Russ Steele, a blogger in Nevada County at NCWatch is volunteering to do weather station site surveys as I’ve been doing. Yesterday Russ visited Petaluma California to see the USHCN climate station of record there. It used to be at the city fire station but has been moved to the airport, but apparently the NASA climate database hasn’t yet caught up with that as it still shows “fire station” as the place.

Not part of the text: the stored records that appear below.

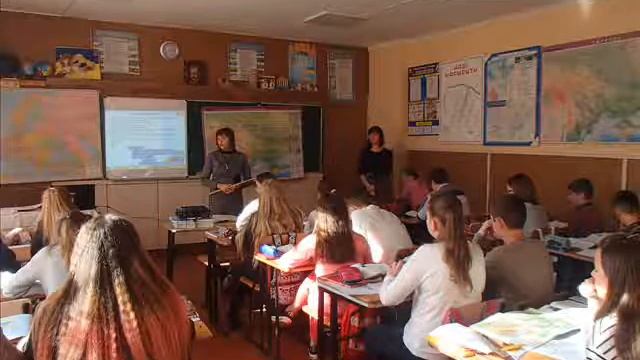 ПРЕЗЕНТАЦІЯ СЗШ 3 смотреть онлайн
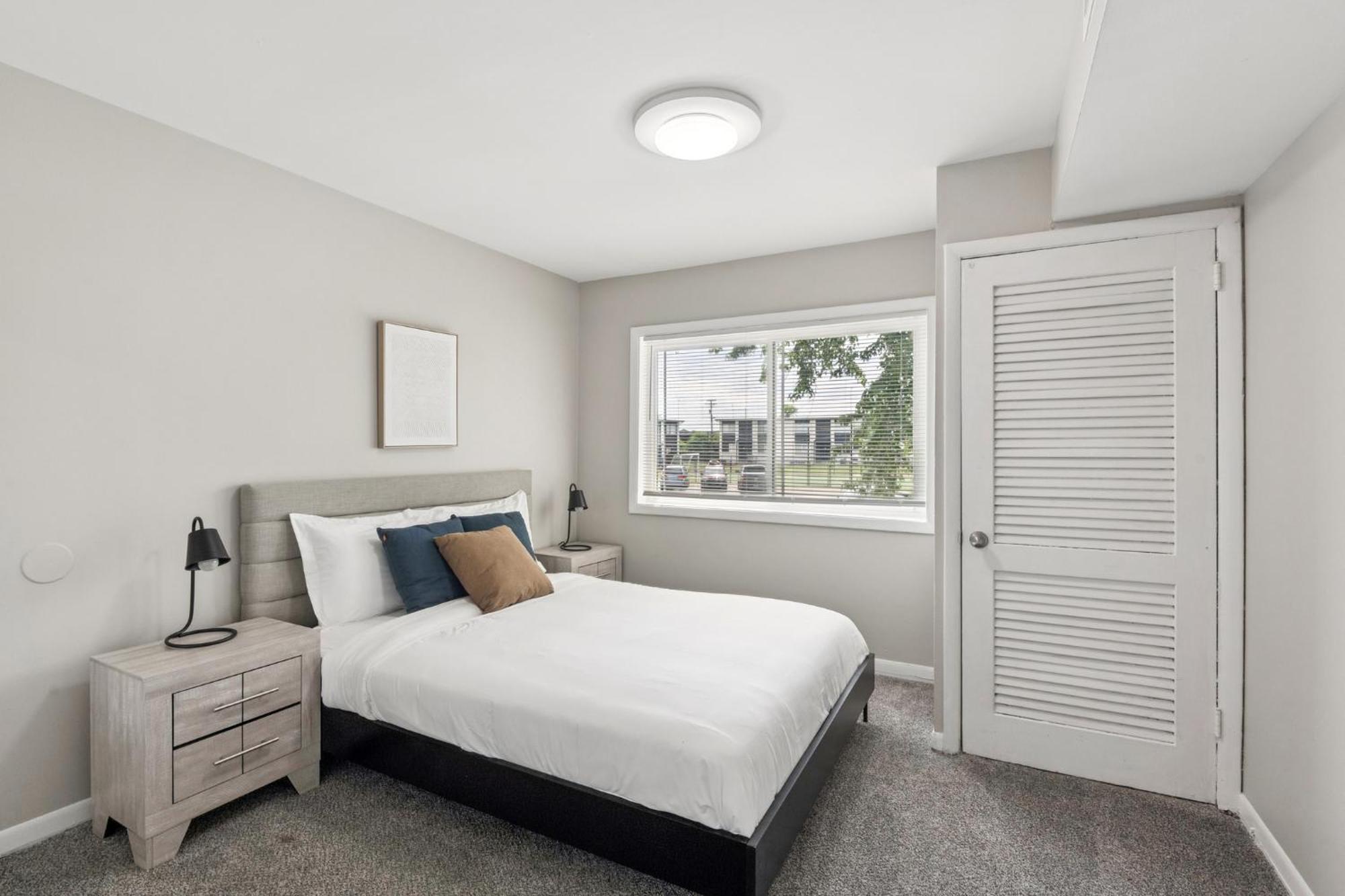 Avery D33 I Spacious 2 Bed 1 Bath Apartment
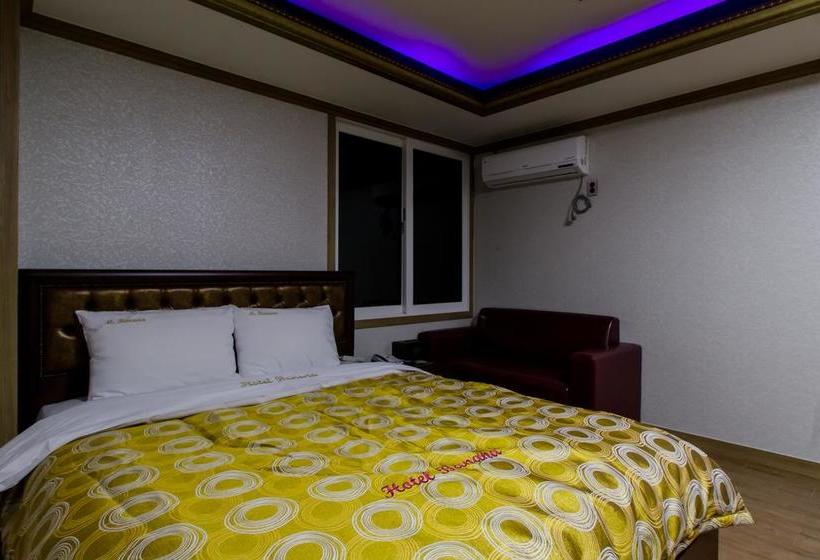 Отель Gwangju  Banana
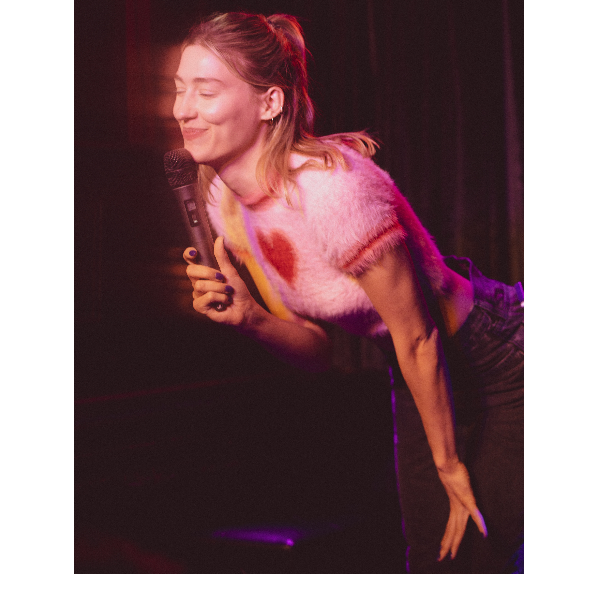 Caroline Baniewicz  Headshot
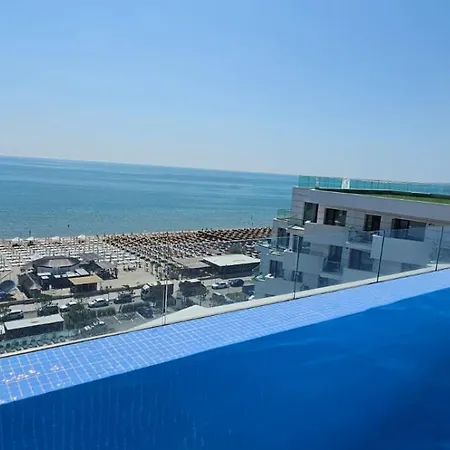 Infinity Pool & Premium - Private Parking شقة *
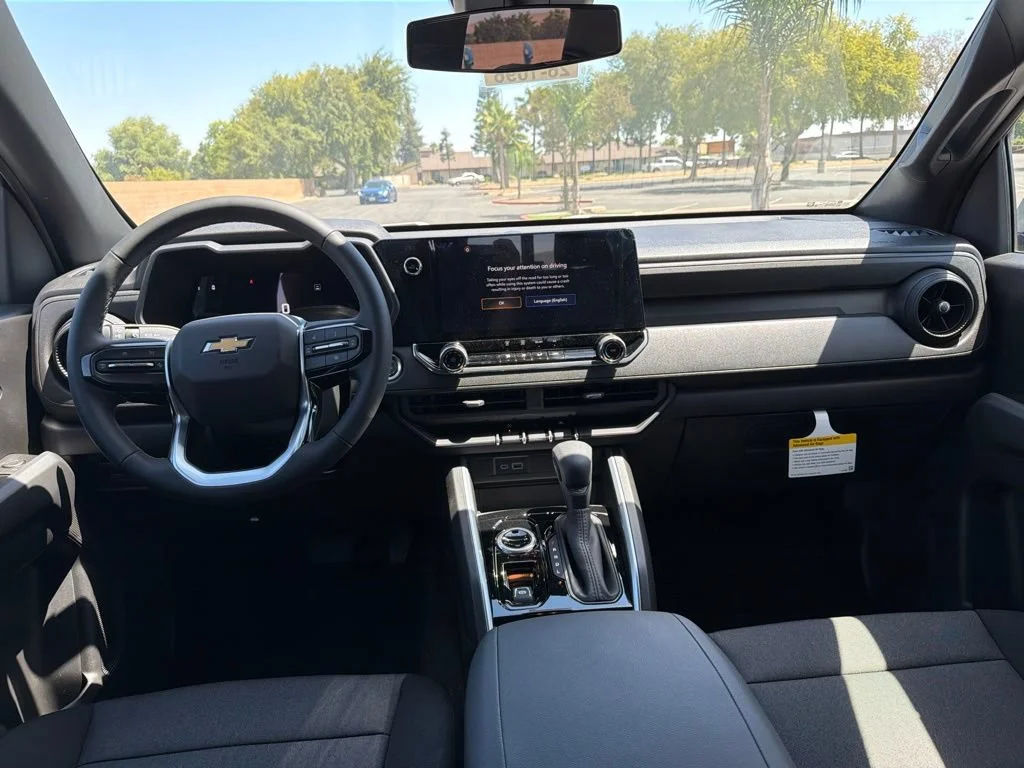 2026 Chevrolet Colorado Work Truck - Photo 10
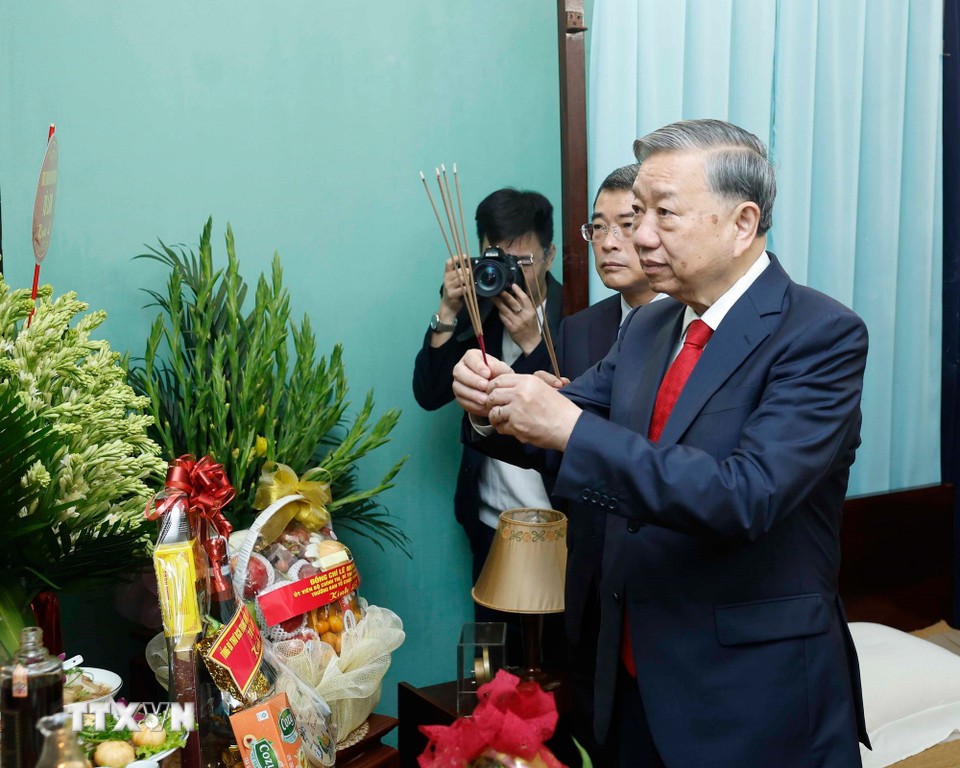 Tổng Bí thư Tô Lâm dâng hương tưởng niệm Bác Hồ tại Nhà 67, Khu di tích Chủ tịch Hồ Chí Minh tại Phủ Chủ tịch. Ảnh: TTXVN.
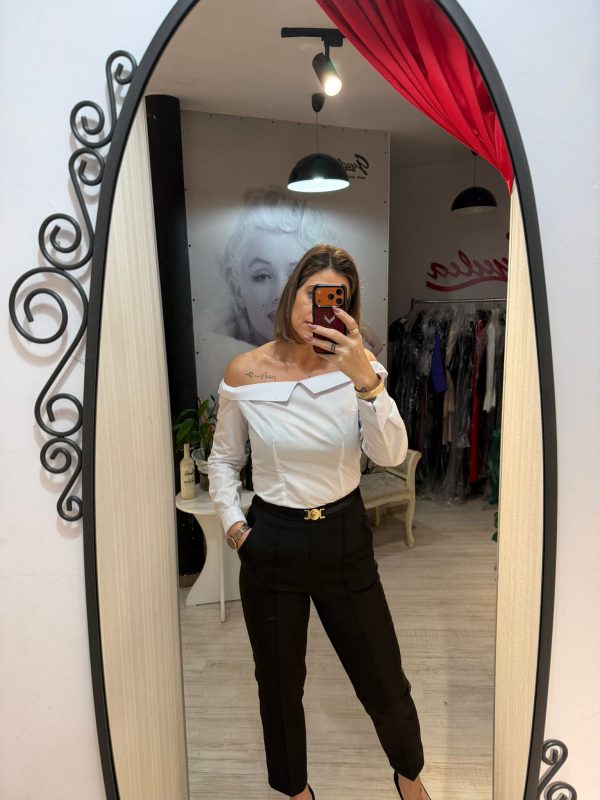 Camasa alba cu umerii goi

Ok we have a temperature sensor strapped to a wooden deck, near a sea of tarmac.

petaluma_east.jpg

And not only that, the building with the deck is only six seet away, and has air conditioners exhausting hot air on the south side. Prevailing wind direction in that are is from the south, so that means wihen wind hits that wall, it will spread out the hot a/c exhaust east and west.

petaluma_west.jpg

Prevailing southerly winds will transfer heat from the burgeoning suburbs to the south, and when the wind reverses and comes from the north (after a frontal passage for example) it will transfer heat from the acres of tarmac to the sensor.

Petaluma_AP_Google_Earth.jpg

So its really no surprise to see this plot. But not to worry, the climate modeler Dr. James Hansen at NASA has it all mathematically accounted for, except he still doesn’t know the station is at the airport. He should try visiting weather stations someday.

Petaluma_station_plot.gif

This station data is in fact used in climate modeling to predict our climate future.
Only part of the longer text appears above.